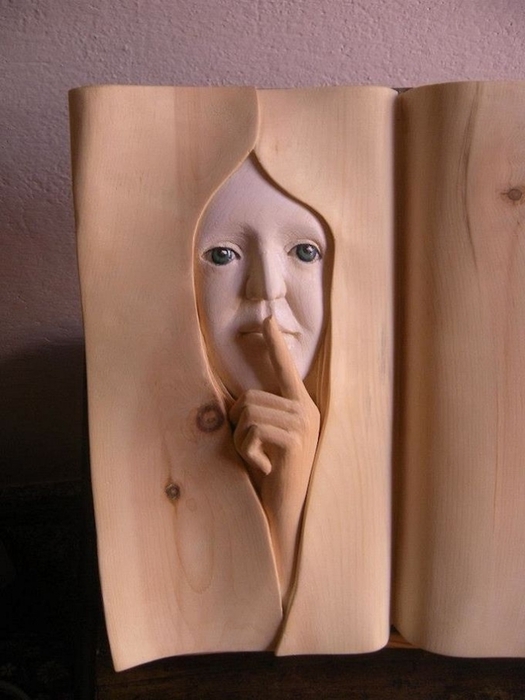 Нино Орланди (Nino Orlandi) скульптуры-книги из дерева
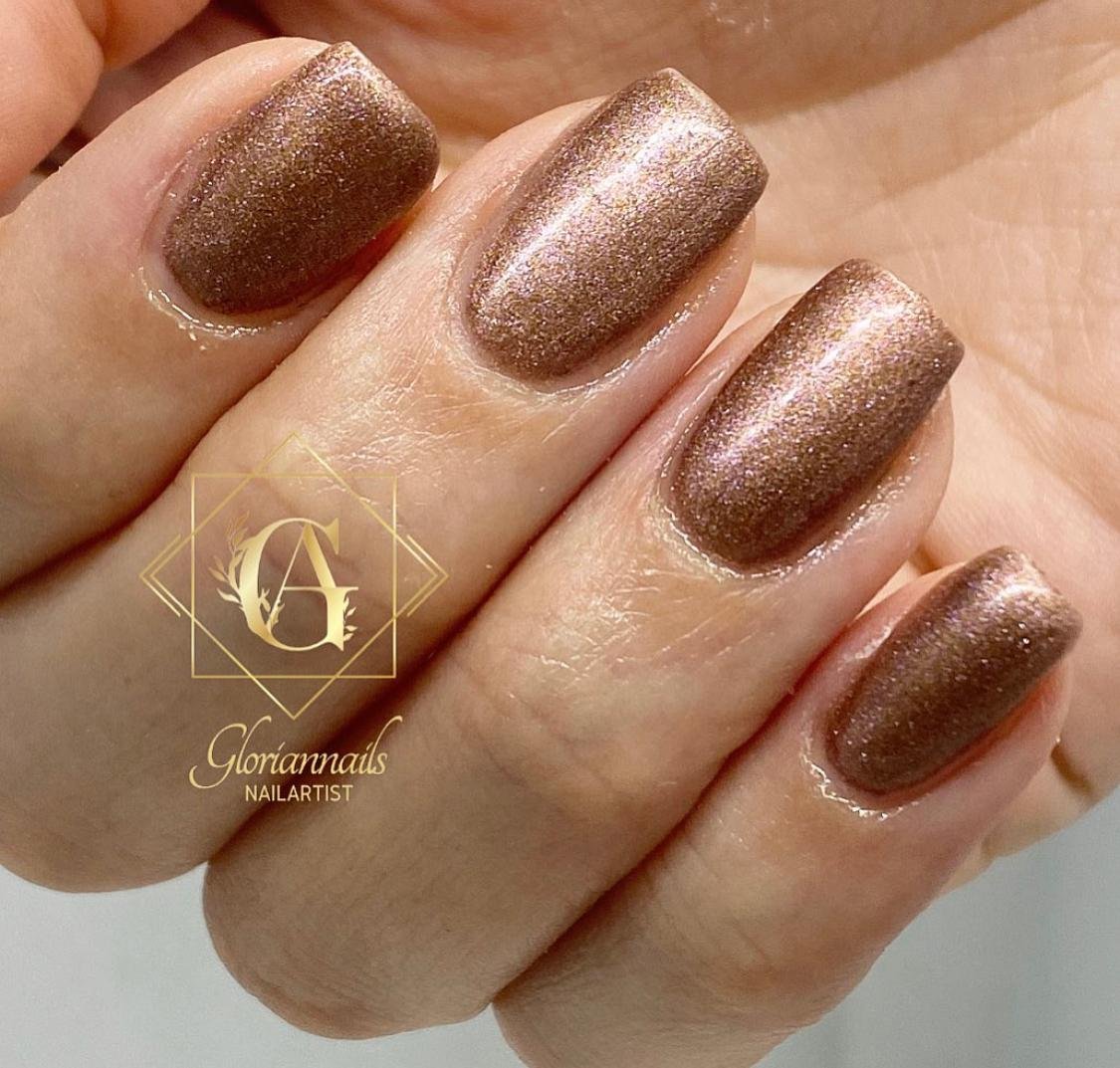 Square-Nägel in Bronze und Kupfer mit feinem Glitzerschimmer – GlorianNails Emmenbrücke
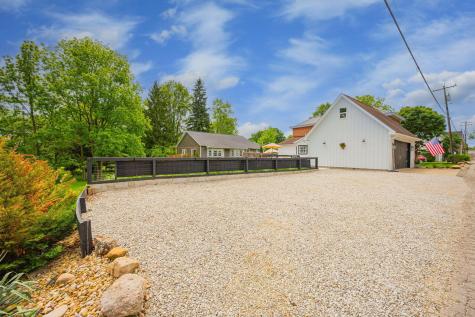 26 S Calhoun Street Centerburg OH 43011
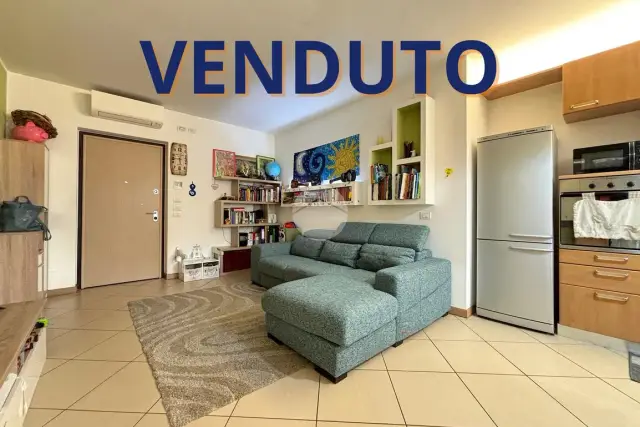 3-room flat in Via Riccarda Castellani 53, San Giovanni Lupatoto - Photo 1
+ + +
An exact copy of the listing above, minus its pictures, is what is needed here.

 Нино Орланди (Nino Orlandi) скульптуры-книги из дерева
 Square-Nägel in Bronze und Kupfer mit feinem Glitzerschimmer – GlorianNails Emmenbrücke
 26 S Calhoun Street Centerburg OH 43011
 3-room flat in Via Riccarda Castellani 53, San Giovanni Lupatoto - Photo 1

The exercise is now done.